Jomo Kenyatta University of Agriculture and Technology Vice-Chancellor Mabel Imbuga. PHOTO | PHOEBE OKALL | NATION MEDIA GROUP

What you need to know:

  • Eighty-three engineering students from Technical University of Mombasa (TUM), which was a constituent college of JKUAT, had sued both institutions for denying them the all-important opportunity to graduate last year.
  • The students and the institutions will now have to confirm to the court that they have complied with the verdict by the end of March next year.

Jomo Kenyatta University of Science and Technology (JKUAT) vice-chancellor has been saved from a jail term in a case filed by students left out of a graduation a year ago.

Justice Anyara Emukule ruled that Vice Chancellor Mabel Imbuga did not act in contempt of court.

Eighty-three engineering students from Technical University of Mombasa (TUM), which was a constituent college of JKUAT, had sued both institutions for denying them the all-important opportunity to graduate last year.

TUM had confirmed that the 83 were indeed JKUAT students who studied at the Mombasa campus from 2009 and had undertaken undergraduate courses in engineering.

But the students wanted TUM compelled to forward their names to JKUAT for inclusion in the graduation list after the latter refused to let them graduate.

And Justice Mary Kasango ruled in 2015 that it was indeed their right to graduate and hence ordered JKUAT to accord them all the necessary assistance.

ORDER IGNORED

However, Prof Imbuga and JKUAT Chief Legal Officer Vivian Waithaka ignored the order and were cited for acting in contempt of court.

The two challenged the students’ case while seeking that the order be reviewed, arguing that JKUAT had no sufficient time to package all information or data when the students sued them.

It claimed that it would not bar them from graduating as long as they complete their courses as prescribed by the university’s senate, which was not satisfied with their earlier results.

JKUAT also claimed that if the two officers were to be jailed, the institution would lose its international academic reputation.

“In the circumstances, I am unable to say that JKUAT or its personnel acted in contempt of the court’s order.

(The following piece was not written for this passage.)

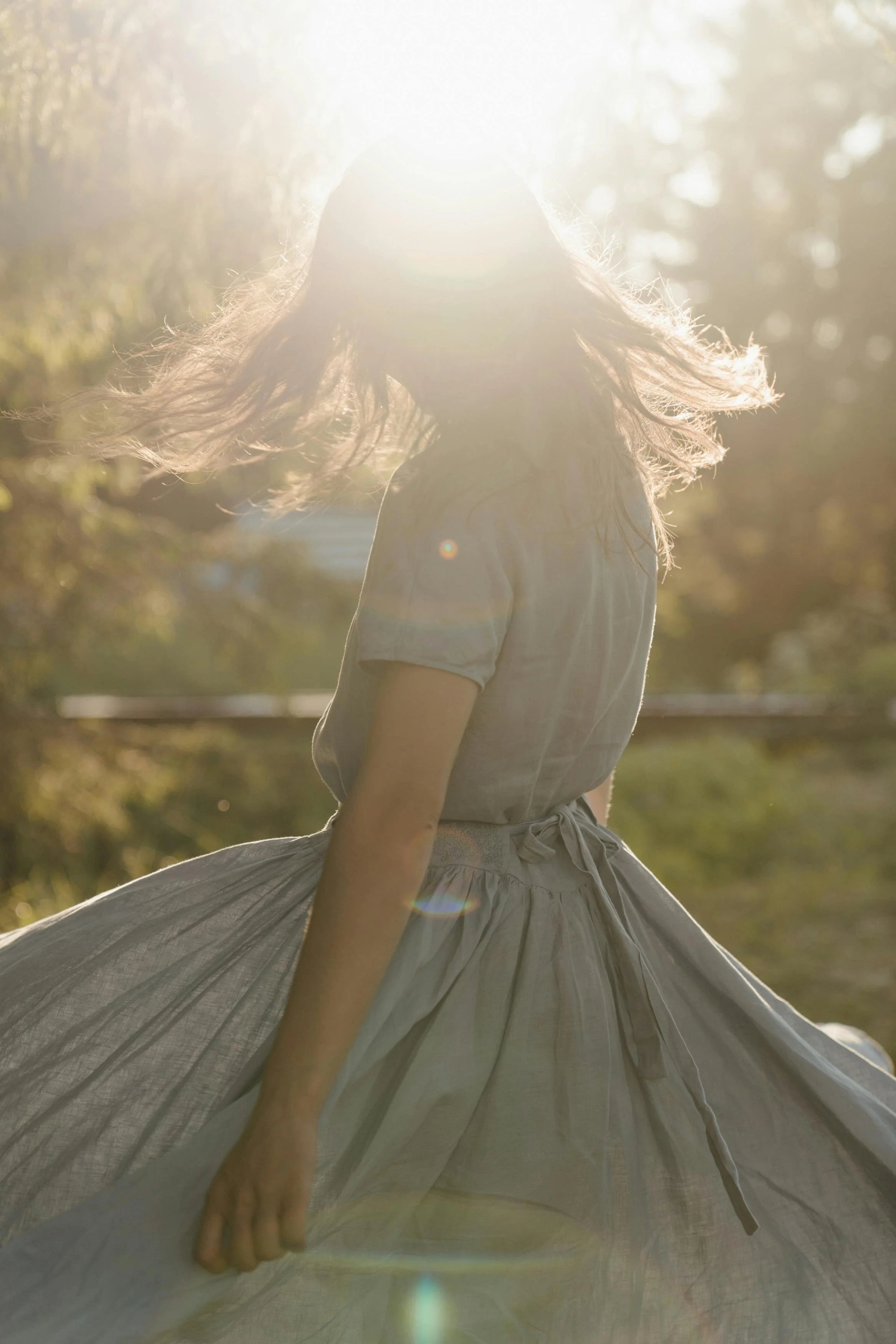 Woman outdoors in sunlight, representing warmth and approachability in therapy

I think, they were in a dilemma and purported to carry out the court’s orders by issuing degrees,” Justice Emukule said.

The judge ruled that out of the 83, only 64 who opt to complete their course be admitted by JKUAT/TUM without being charged any tuition fees.

The judge ordered that both JKUAT and TUM act in good faith and facilitate the registration of the students without undue technicalities.

The judge also ordered that JKUAT/TUM give the students full credit for the courses they have already taken and examined on, as well as let them graduate after successfully completing their studies.

'PING-PONG GAME'

The judge said the conditions had to be set since the two institutions took long to settle the differences between them that resulted in the long legal battle.

“The degrees studied by these students are critical to the technological and industrial development of our country, region and continent; it is therefore paramount that they are ultimately earned, not court transmitted since the loser is not JKUAT,” the judge ruled.

According to the students, JKUAT prepared and approved the syllabus that lecturers taught them though TUM had not been accredited by the Engineering Registration Board.

The students had claimed that they had not received information regarding the graduation from TUM or JKUAT at the time they sued in June 2015.

“It is a pity that this ping-pong and sea-saw game has been going on for too long between JKUAT and its child TUM; obviously when elephants fight it is the grass which suffers,” the judge said.

The students and the institutions will now have to confirm to the court that they have complied with the verdict by the end of March next year.